■ **Problem details**: Retype nothing except the lines below from the one with "The optimum speed" through the one with "One important thing", exactly, with images left out.

■ **Material for this task**:
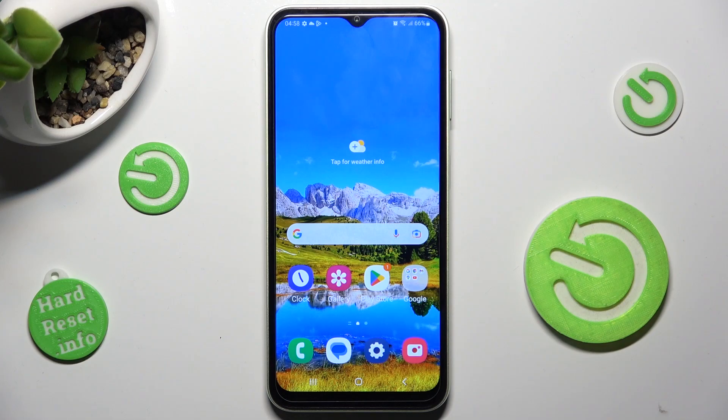Hi! In front of me is Samsung Galaxy M04 and today I would like to show you how you can connect it using Bluetooth.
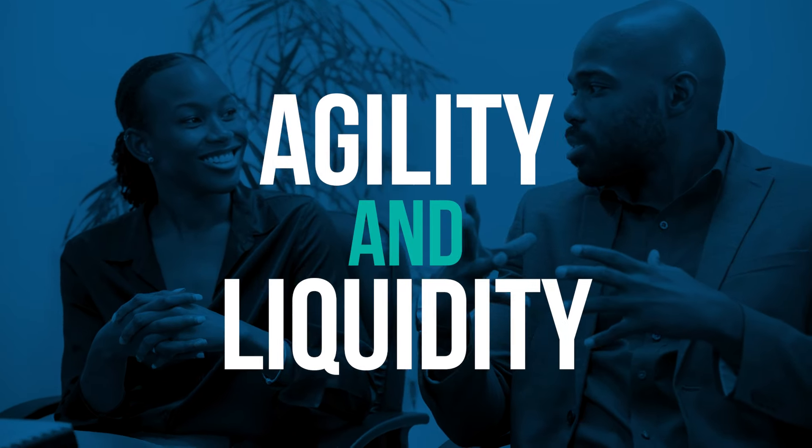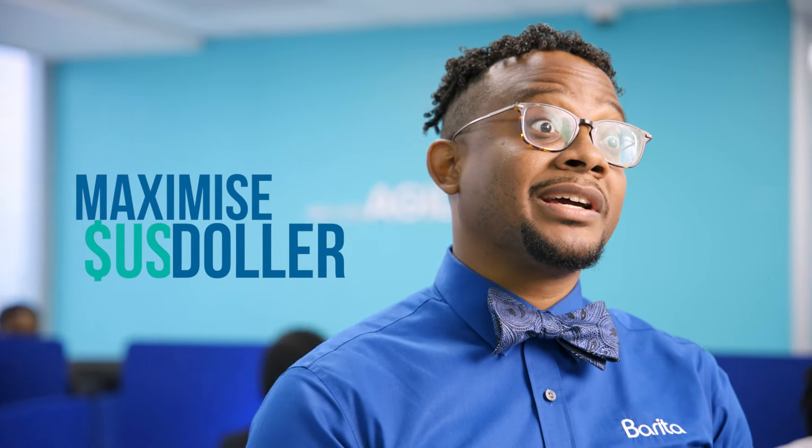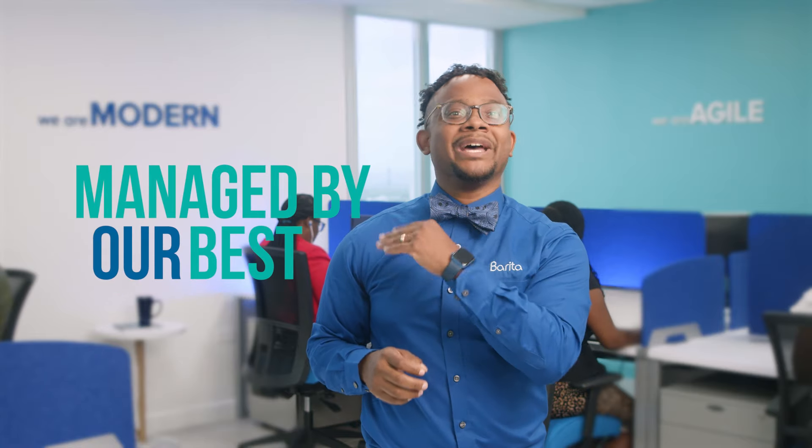Agility and liquidity — key features to our new FX accumulator. Designed for the savvy investor looking to maximize U.S. dollar gains in the local market, this fund is managed by Barita's best.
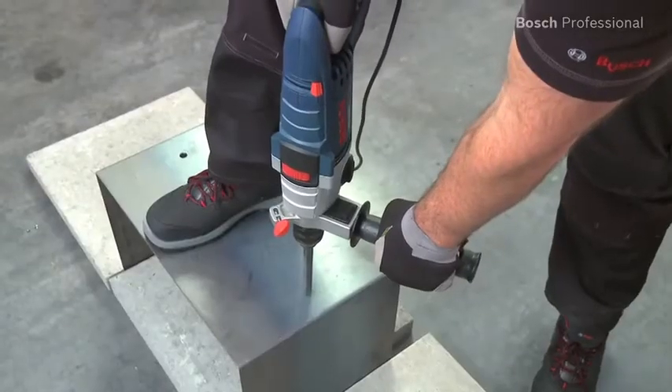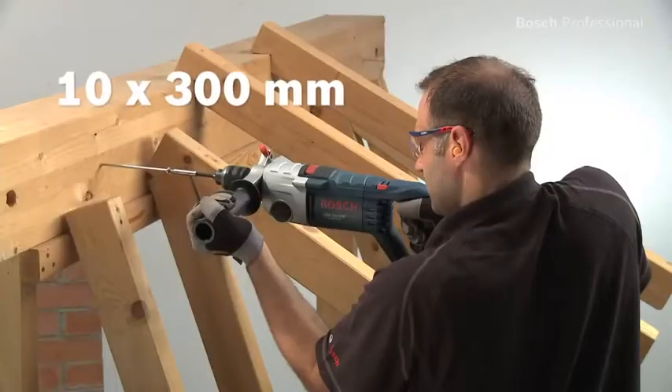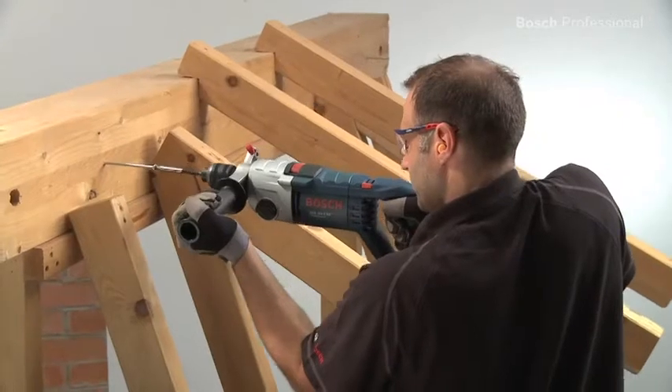The optimum speed in non-impact drilling ensures fast work progress. The overload clutch ensures a high level of work safety in especially tough applications.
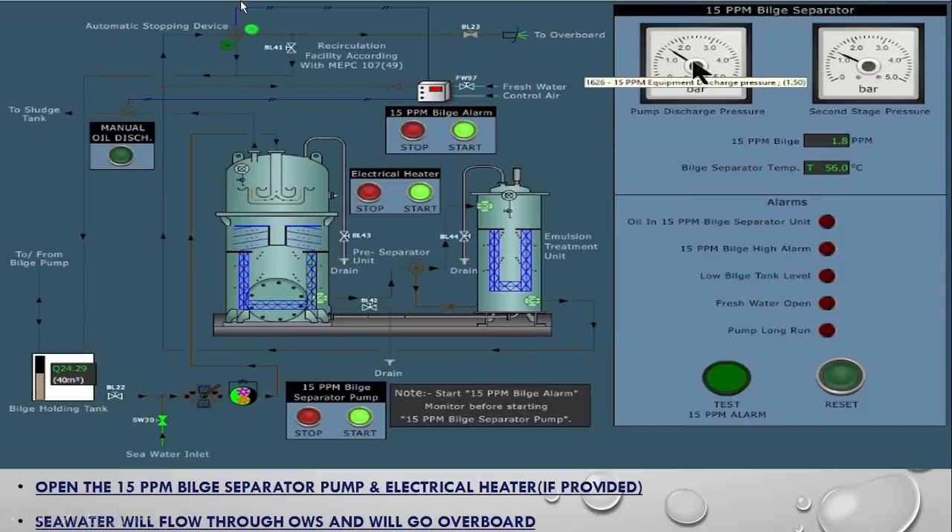One important thing is this three-way valve. Its opening direction is decided based on the bilge alarm monitor. The bilge alarm monitor continuously gets a sampling from the discharge going out and monitors whether the bilge water going overboard has less than 15 ppm or not. If the ppm is less than 15, it signals to continue flow overboard. But if it is more than 15 ppm, it diverts the flow back to the bilge holding tank.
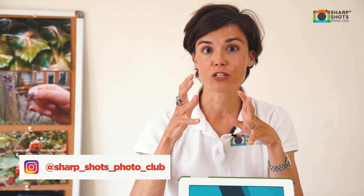Thanks so much for watching today. We'd love it if you could like and subscribe to our Sharp Shots Photo Club YouTube channel. It'd be great if you could leave a comment about what you felt about what we talked about today. And it'd be even better if you could tag us on Instagram showing us some of the pictures that you've taken with these tips we've given you. Thanks very much.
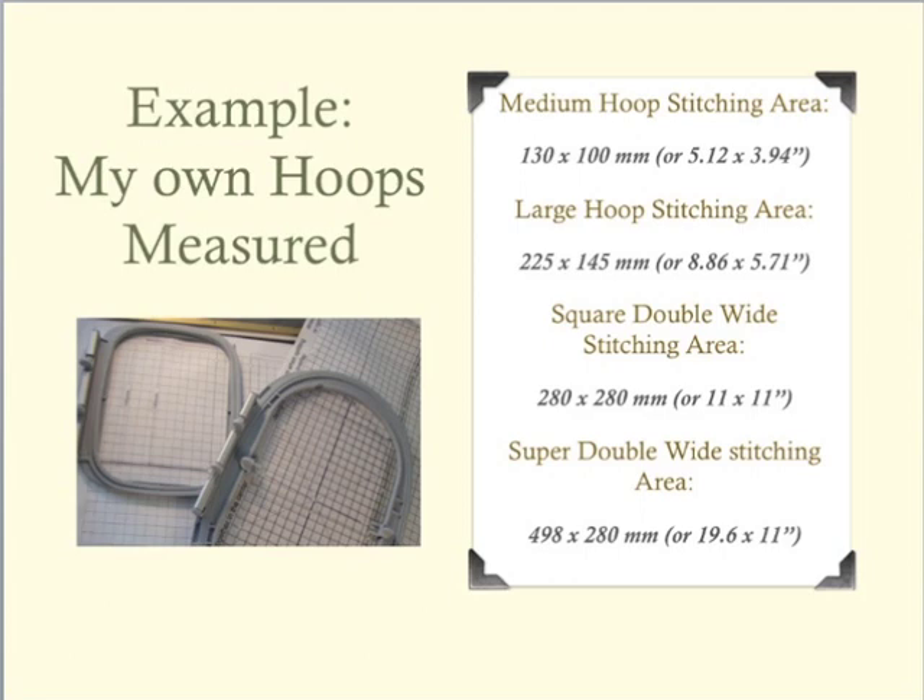Please note that these dimensions are shown for illustration purposes only. Each embroidery machine is different, and therefore you need to measure your own hoops to get the correct stitching area for your machine and your machine hoops.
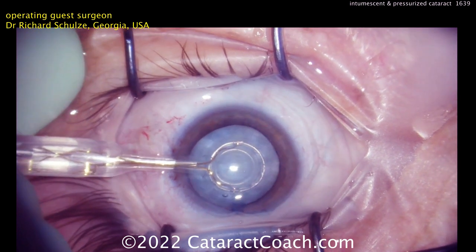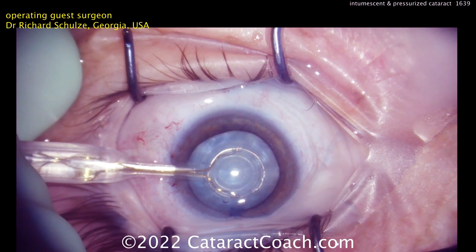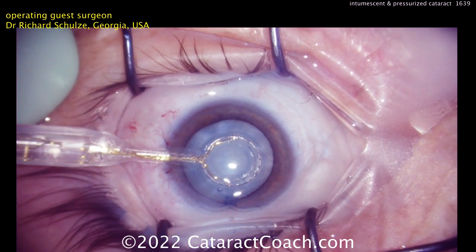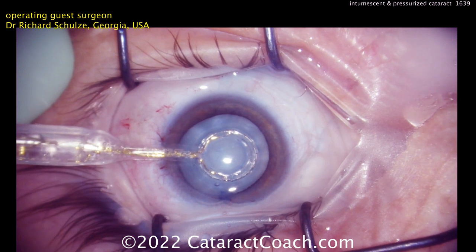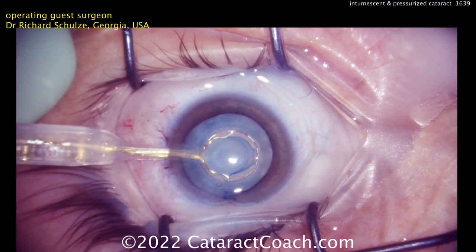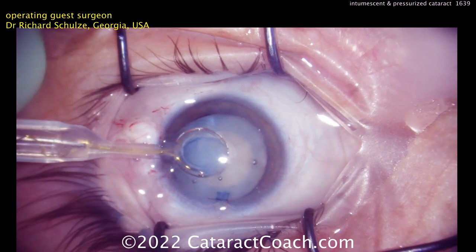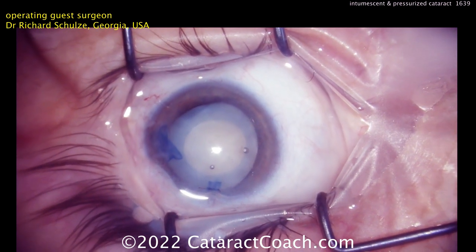Once centered, you apply suction to the device — your technician can do this or you can use a foot pedal. With strong suction secured, you instruct the nurse or step on a pedal to deliver a brief pulse of energy. The energy is very minimal — just four milliseconds. The suction is applied, the device is very still, and the four-millisecond burst instantly creates the rhexis, preventing any runout. It also sends a small pulse of fluid to help dissect off residual cortex. Then the nitinol ring is removed.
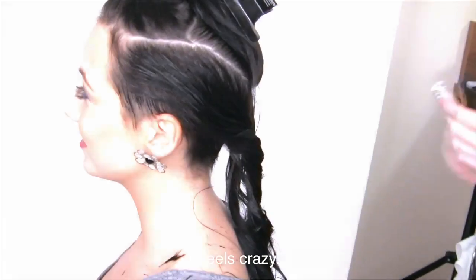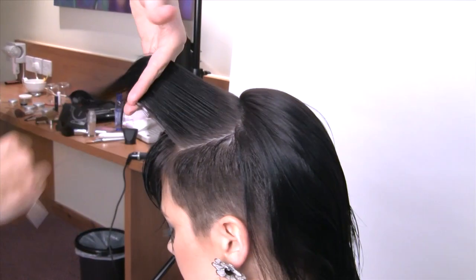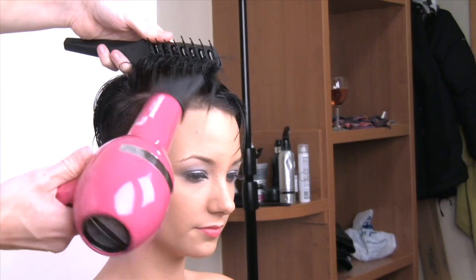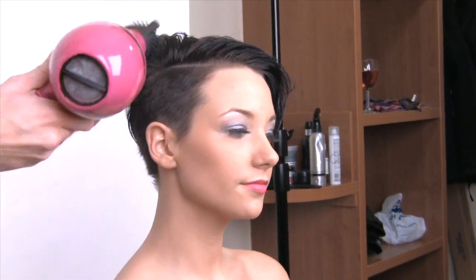It feels crazy. And there you have it — the Disconnect Effect from TotalRestyle.com.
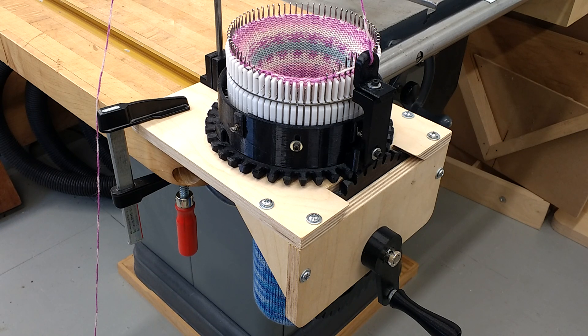Hello. This video is to show you my design for a 3D printed circular sock knitting machine, otherwise known as a CSM. This is based on the vintage metal machines that were around in the early 1900s, like the Auto Knitter or the Laguerre. This video is not intended to show you how to make a sock — it's just showing you how this machine works and how to build it.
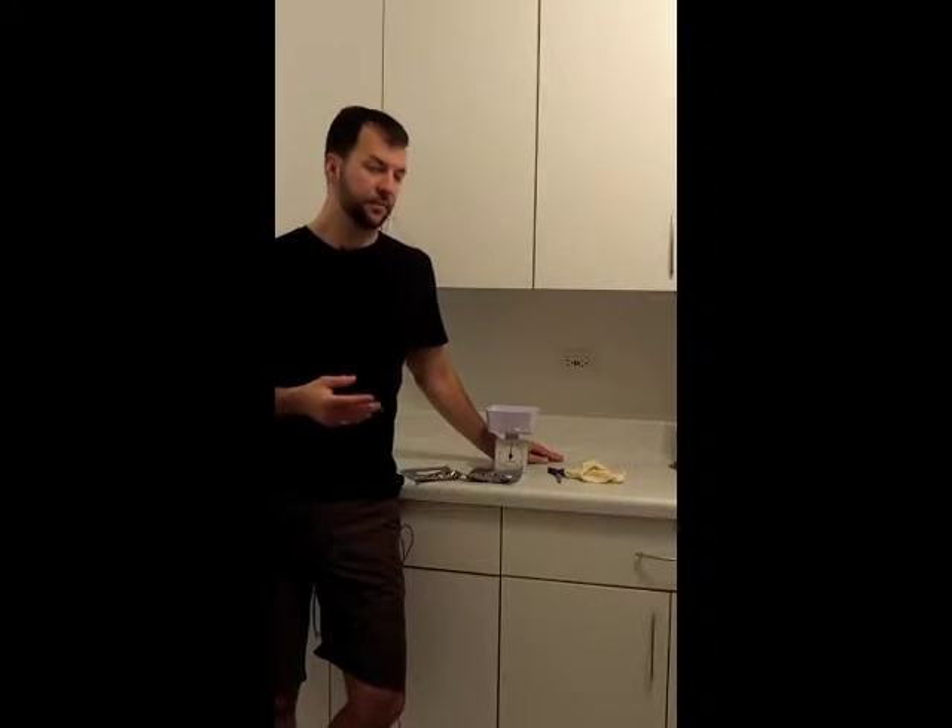We've got our specialty grains soaking for 30 minutes and our malt extract soaking in the sink to warm it up and get it less viscous, easier to work with. So now is a good time to go ahead and prep our hops.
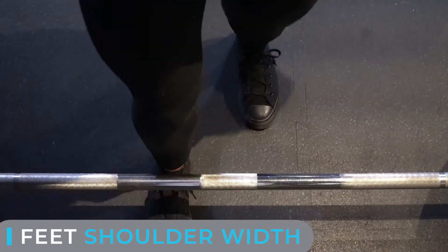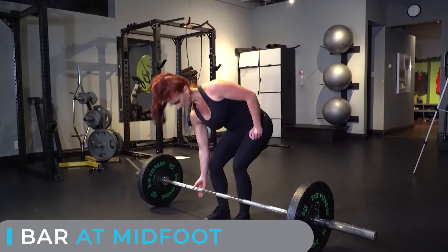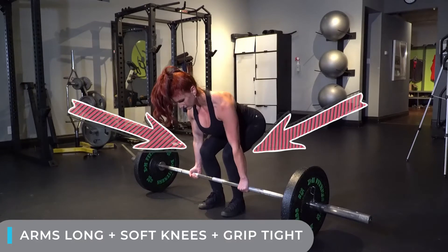Approach the bar, feet shoulder width apart, have the bar grazing midfoot. When reaching down to meet the bar, arms are long, soft knees, and grip the bar as hard as possible.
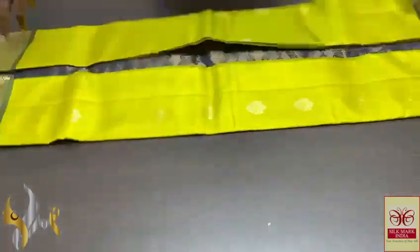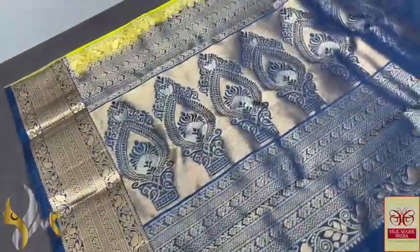Pure Kanchipuram soft silk sari, double vartu, a very beautiful jacquard border collection — a beautiful and very different combination of colours, an exclusive collection.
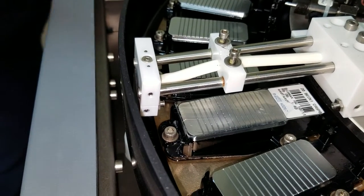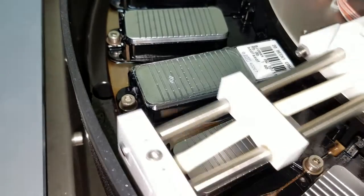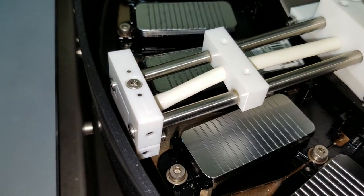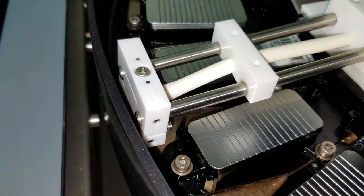Now if you notice, there are two layers in there. The cover slip will settle a little bit. Usually by the third or fourth mix you should see really good results.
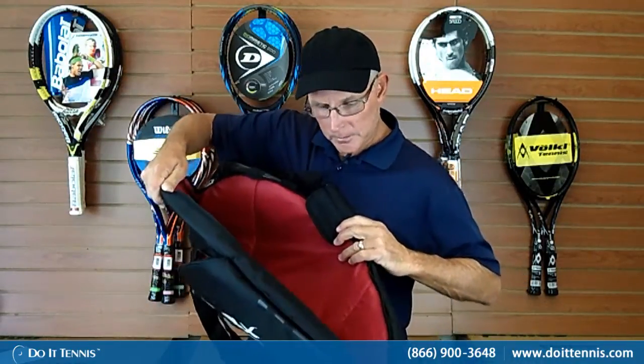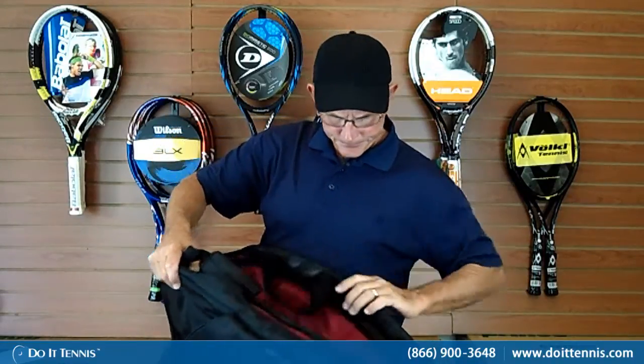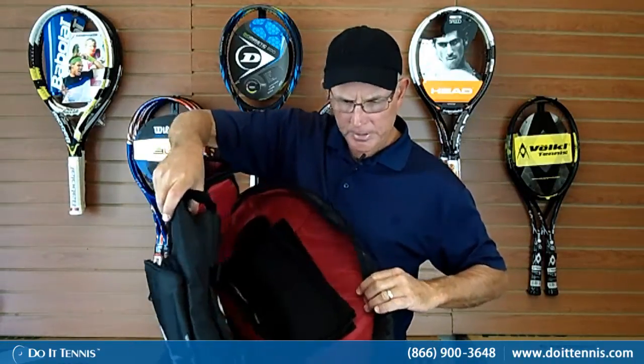It has a zipper compartment on one side for the rackets — large, one full zip. And on the other side, inside, you get a Wilson shoe bag. So when you take your shoes off and they're dirty, they won't mess up your nice clean clothes that you have in the bag.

■ **Result for this task**:
The optimum speed in non-impact drilling ensures fast work progress. The overload clutch ensures a high level of work safety in especially tough applications.
One important thing is this three-way valve. Its opening direction is decided based on the bilge alarm monitor. The bilge alarm monitor continuously gets a sampling from the discharge going out and monitors whether the bilge water going overboard has less than 15 ppm or not. If the ppm is less than 15, it signals to continue flow overboard. But if it is more than 15 ppm, it diverts the flow back to the bilge holding tank.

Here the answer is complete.